The Molly’s lose-$20-get-$20 promo runs on Wednesdays and Saturdays in August.
Check out Bob Dancer’s Tuesday blog and his Thursday “Gambling With an Edge” podcast with Richard Munchkin, both at LasVegasAdvisor.com.
Thanks for the plug, Anthony. At least I now know why I got this email from a listener. Nothing to do but to check it out.
There are several Molly’s on the west side of Las Vegas. I live on the east side and the only Molly’s anywhere close to me is on Eastern at Silverado Ranch, which is about a mile from my gym. So, the next time I went to the gym on an appropriate day for the promotion, I made a special stop at Molly’s.
I cannot tell you if all the Molly’s have the same inventory, as I only went to one. I cannot guarantee every machine within each store has the same inventory of games as the others do. I didn’t check that either. When I was there (at 9 a.m. on a Saturday morning), there was a brand-new bartender who didn’t know much and a player, who was also an employee of the bar, playing Keno. Between the three of us, we figured out the promotion.
First, you have to get a player’s card for Jett Gaming, a route operator I’ve never heard of. This means if you hit a jackpot of a certain size (perhaps $5,000 or larger), they will have to drive the money from elsewhere. Smaller jackpots will be paid off at the site. The games have the same pay schedules in all denoms between quarters and $2. They are typical bar schedules (in the range of 95% – 96%), but they did have 7/5 Bonus Poker, which is a 98.0% game, in all denominations. This pay schedule is considerably looser than you usually find in Las Vegas bars.

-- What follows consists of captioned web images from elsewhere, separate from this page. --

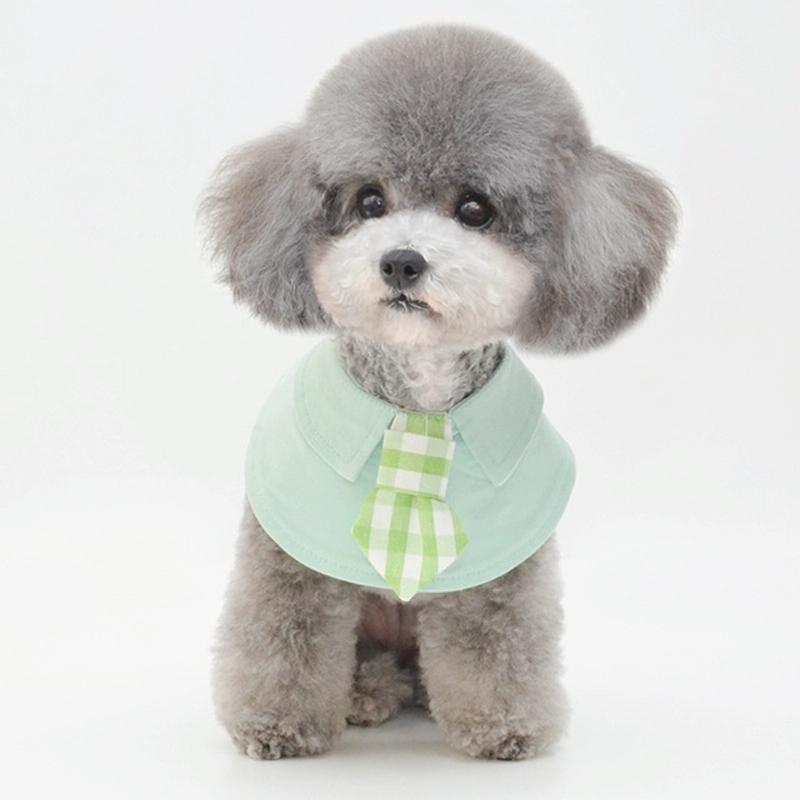V562-A1086396230DBT-202503201710-00 Pet Shawl Scarf Saliva Towel Dog Clothes Accessories - Size S - Green - Image 1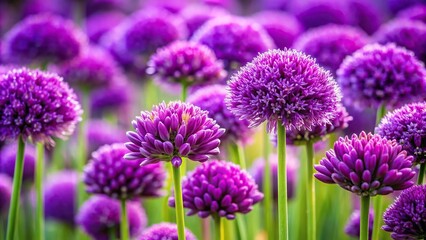 Fototapeta premium A cluster of vibrant purple flowers growing in a dense group on a stem, quick growth, spring blooming flowers, small flower clusters, purple flowers, fast blooming flowers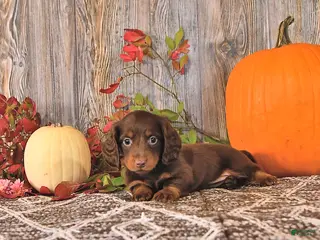 Dachshund dogs Twila - Ad 2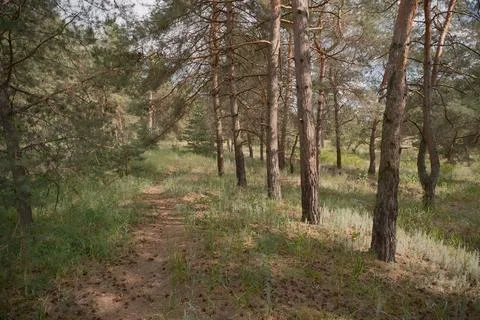Sunny pine forest interior with tall tree trunks, green undergrowth, and dr.. Stock Photos
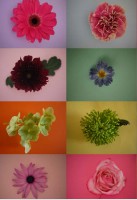 blooming-marvellous-competition-cut-out-flowers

This ‘lose-$20-get-$20’ is a loss rebate promotion. The basic rule to loss rebates is to play high variance, high denomination games. If you hit something big, forget the loss rebate, take your winnings, and run. If you don’t hit something big, just take the loss rebate.
The high variance games on these machines is 8/5 Double Double Bonus (96.8%) which they had up to $2 and 8/5 Triple Double Bonus which topped out at $1. Generally speaking, these are typical bar schedules (i.e. terrible for the player), but on this promotion they are the best choices. As soon as you lose the $20 (or win enough), stop playing these terrible games immediately.
Playing $2 denomination Double Double Bonus game while generating your loss is the best play — even if you’re normally just a quarter player. Use the stopping rule of: If I reach $160 profit, quit. If I lose $20, quit.
Playing $1 denomination on the Triple Double Bonus game is slightly worse. There you use the stopping rule of: If I reach $135 profit, quit. If I lose $20, quit.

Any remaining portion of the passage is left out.